- The data

____

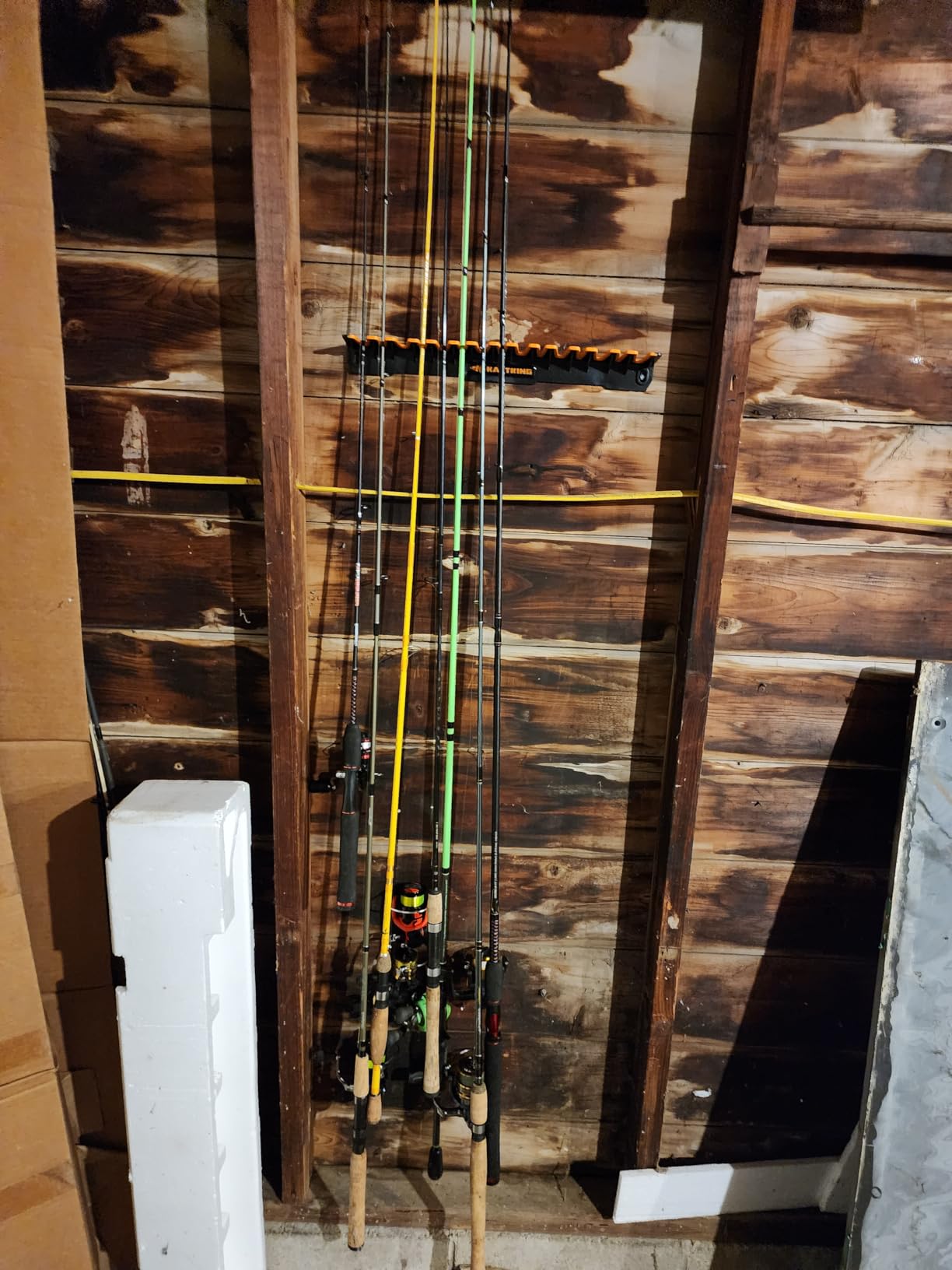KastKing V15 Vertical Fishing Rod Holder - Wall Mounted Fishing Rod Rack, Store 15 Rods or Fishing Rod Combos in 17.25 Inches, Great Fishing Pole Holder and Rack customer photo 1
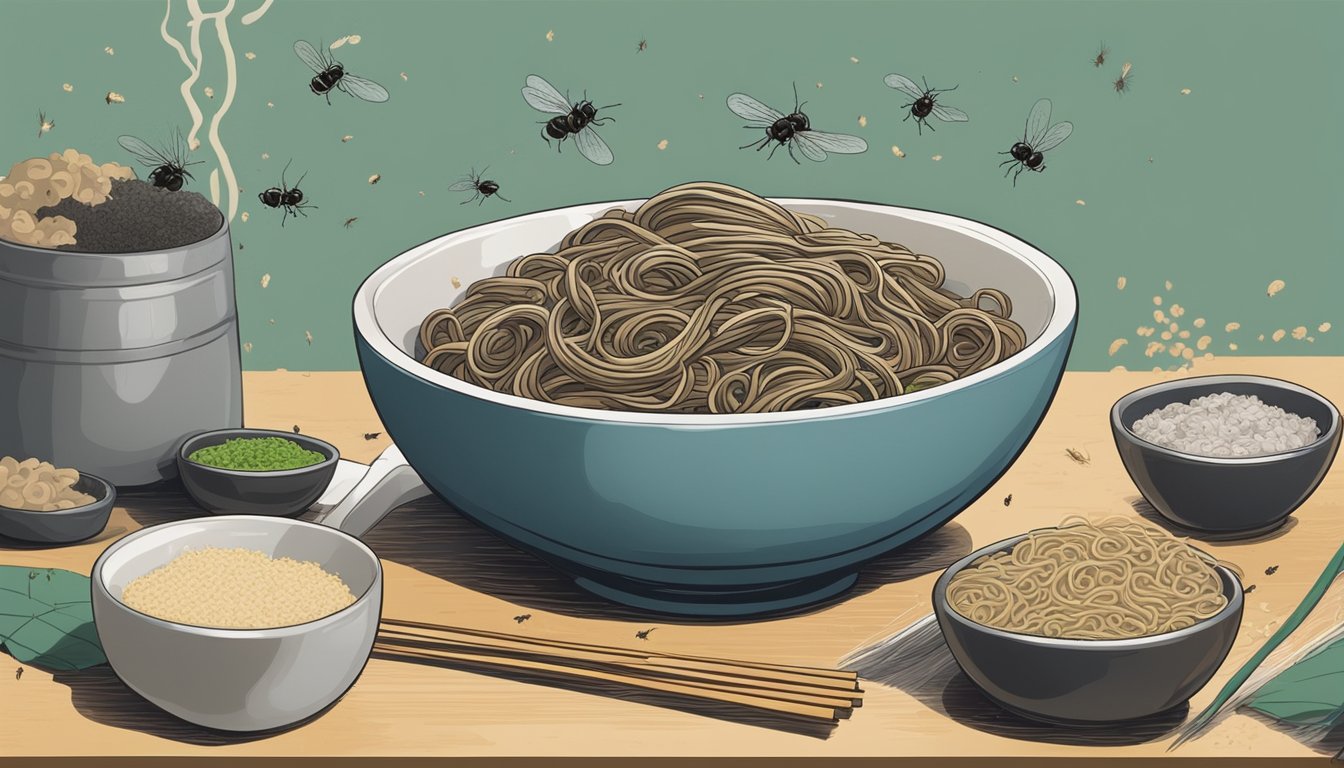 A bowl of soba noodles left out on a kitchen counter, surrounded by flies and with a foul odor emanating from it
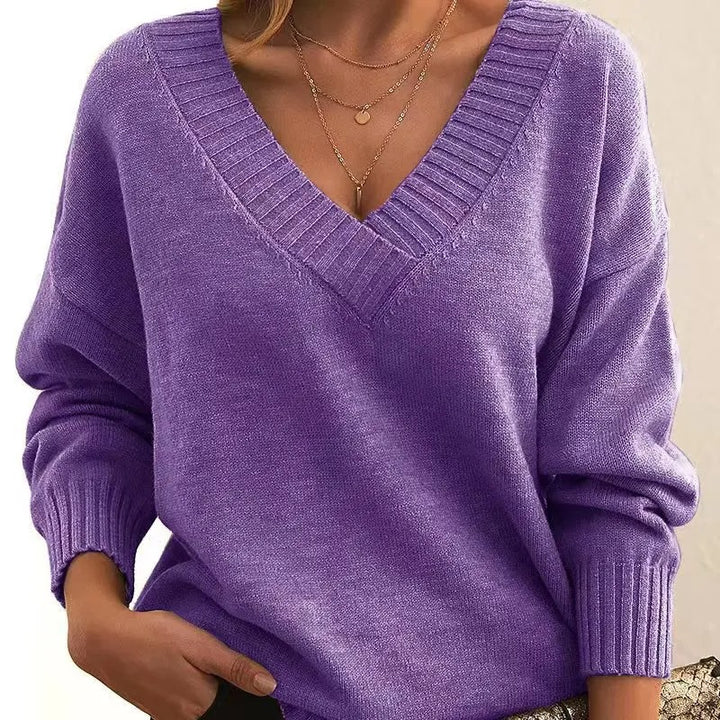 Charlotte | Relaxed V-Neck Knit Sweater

____

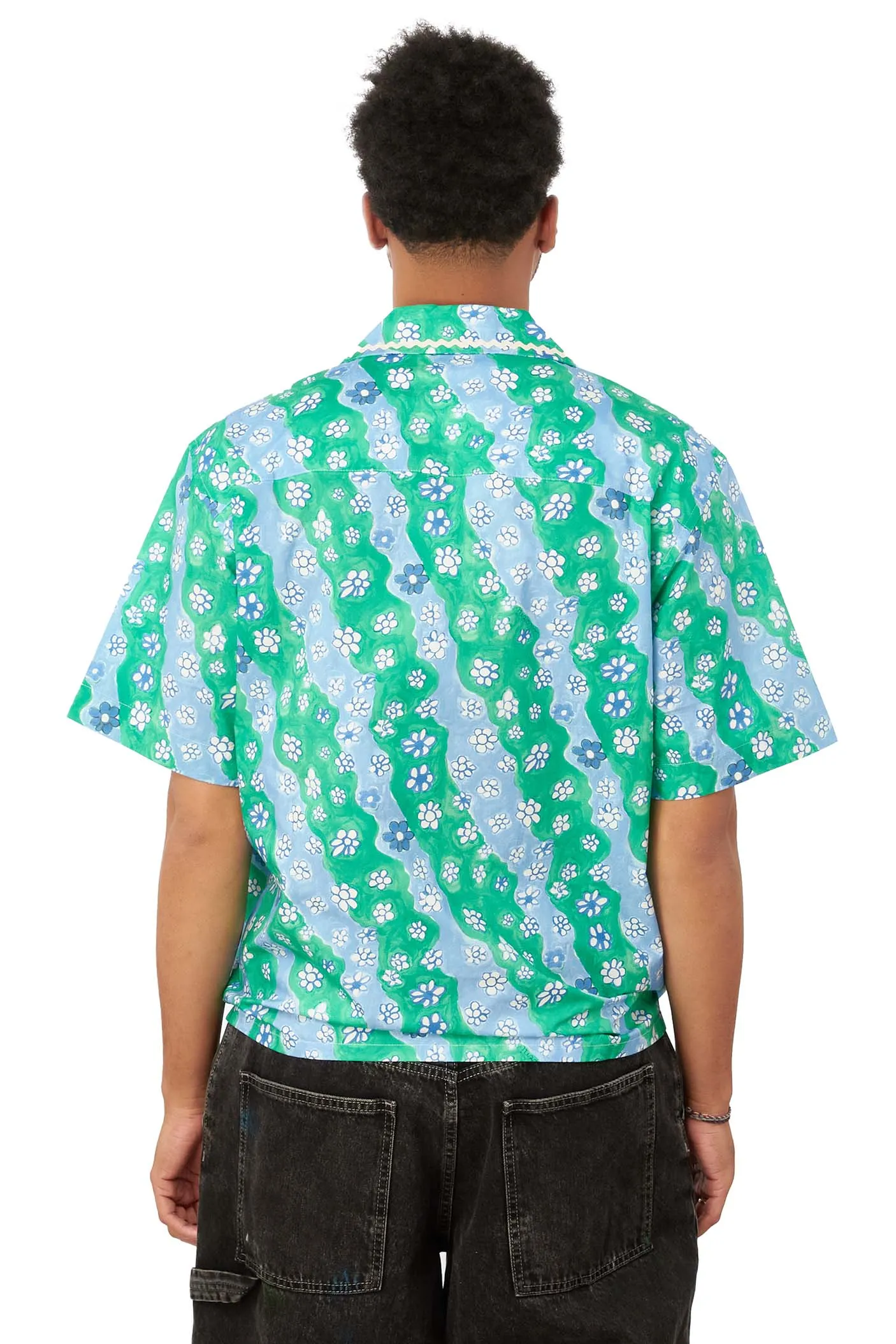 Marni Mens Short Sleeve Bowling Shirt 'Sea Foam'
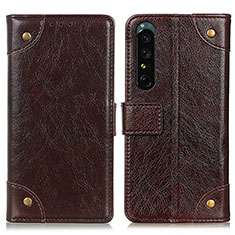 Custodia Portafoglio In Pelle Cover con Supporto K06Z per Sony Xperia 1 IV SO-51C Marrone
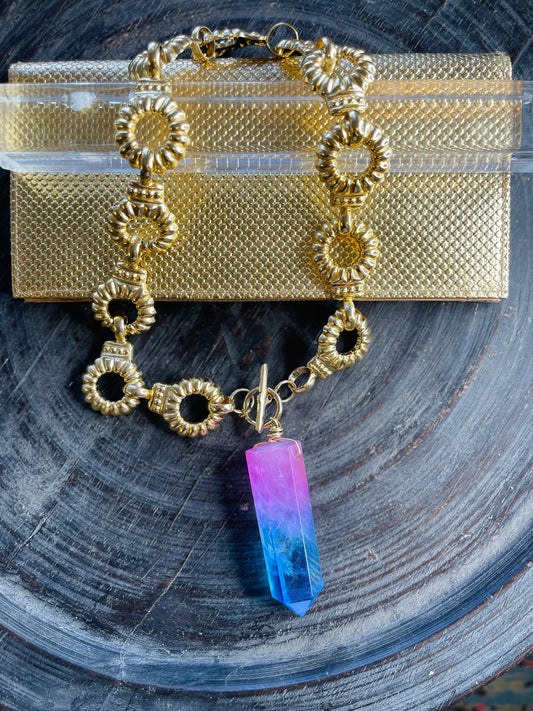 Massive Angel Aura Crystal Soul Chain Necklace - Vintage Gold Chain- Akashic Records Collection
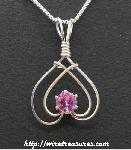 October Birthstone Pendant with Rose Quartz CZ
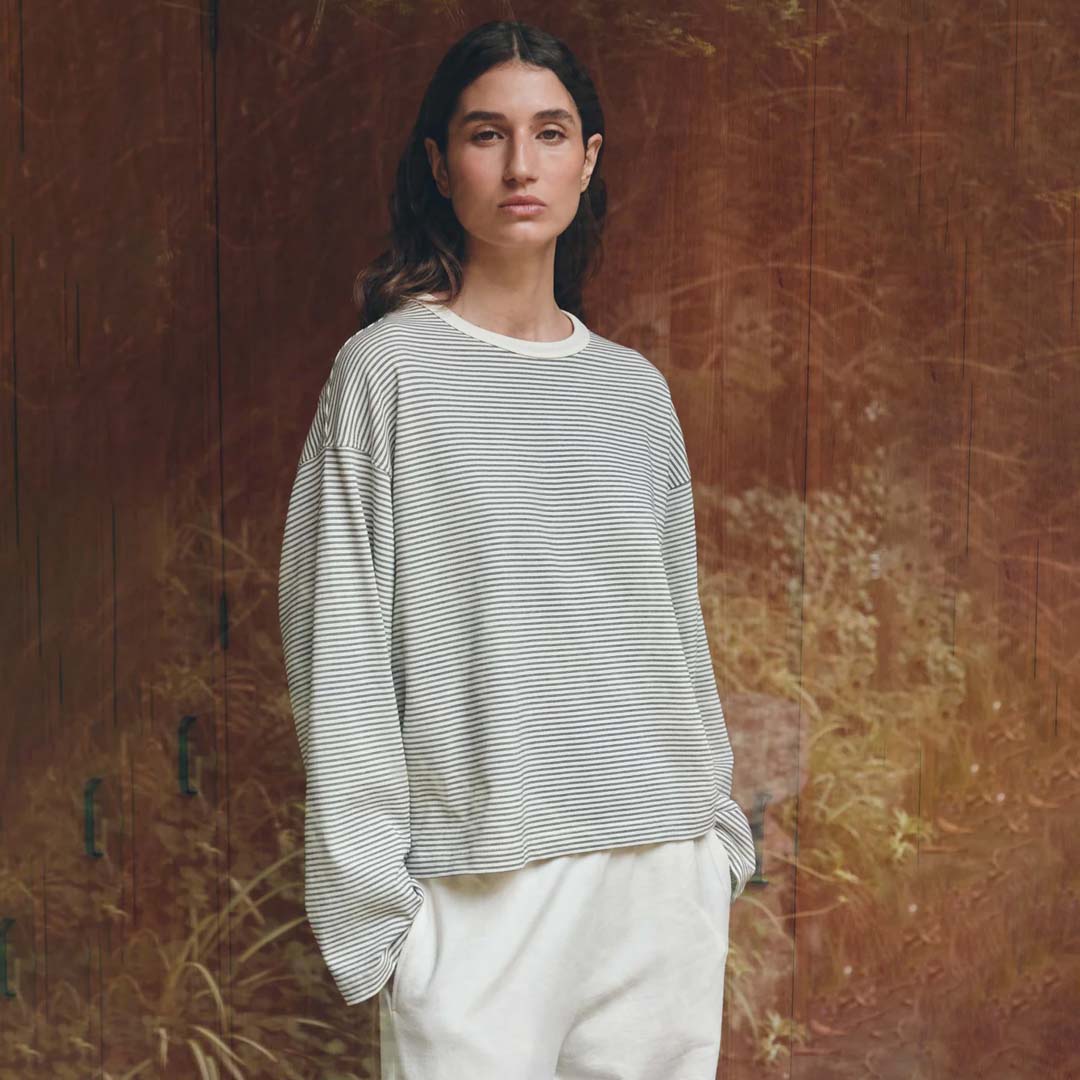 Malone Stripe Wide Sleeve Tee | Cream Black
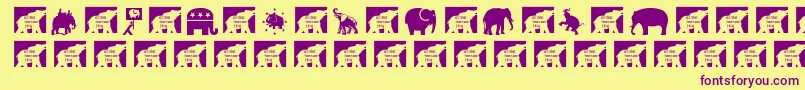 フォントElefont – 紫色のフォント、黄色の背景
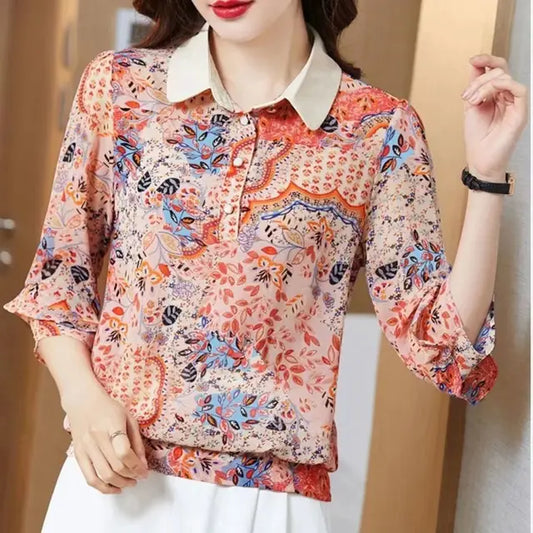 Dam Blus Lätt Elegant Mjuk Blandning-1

____

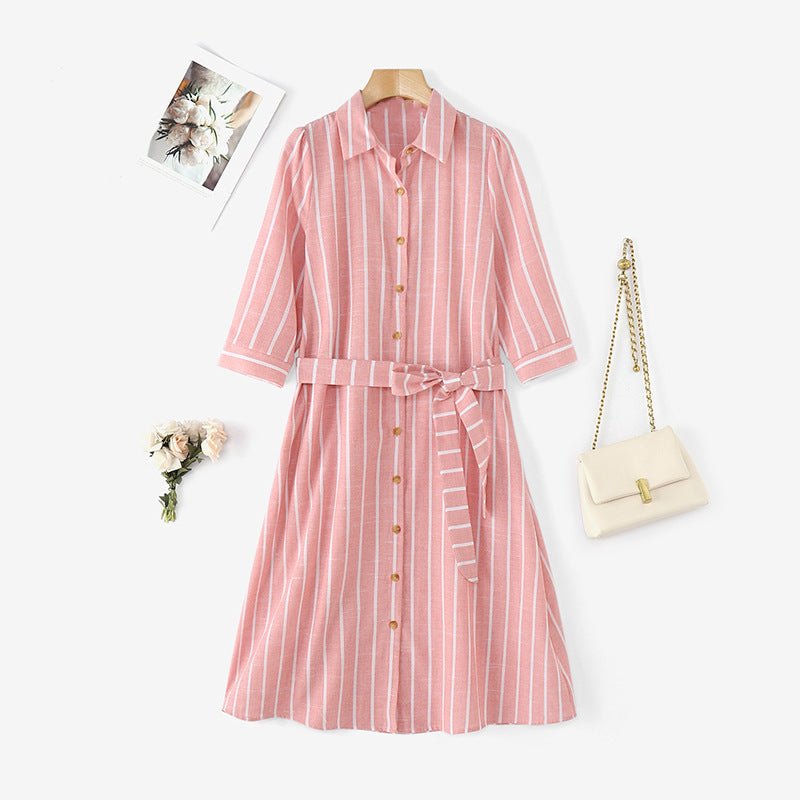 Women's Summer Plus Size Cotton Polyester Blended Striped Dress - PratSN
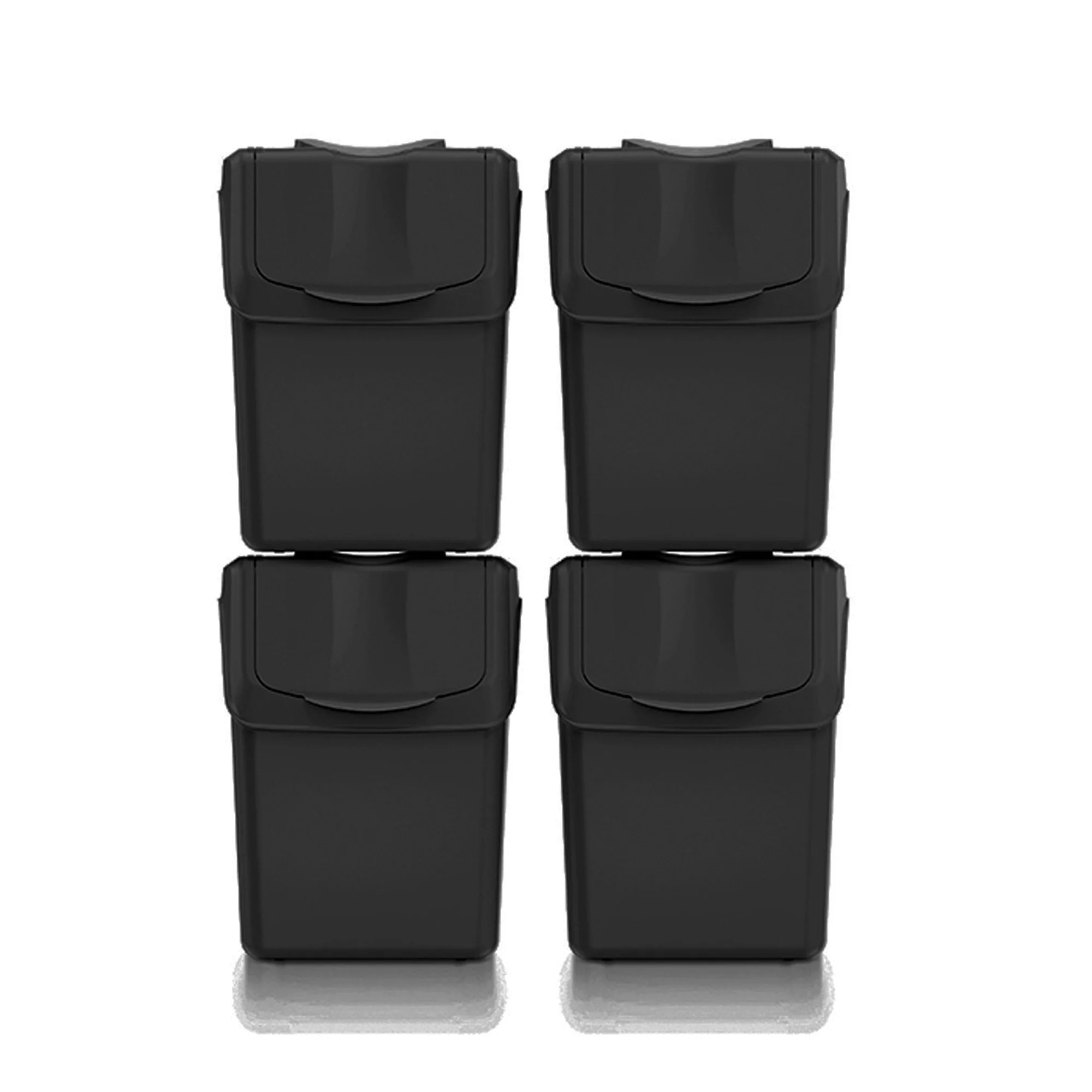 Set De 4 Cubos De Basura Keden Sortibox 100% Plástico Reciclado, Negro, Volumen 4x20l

____

- Problem details
Within these entries, output exactly the lines starting at the one with "KastKing V15 Vertical" and finishing at the one with "Charlotte | Relaxed V-Neck Knit Sweater". Leave pictures out of the output.

- Answer
KastKing V15 Vertical Fishing Rod Holder - Wall Mounted Fishing Rod Rack, Store 15 Rods or Fishing Rod Combos in 17.25 Inches, Great Fishing Pole Holder and Rack customer photo 1
 A bowl of soba noodles left out on a kitchen counter, surrounded by flies and with a foul odor emanating from it
 Charlotte | Relaxed V-Neck Knit Sweater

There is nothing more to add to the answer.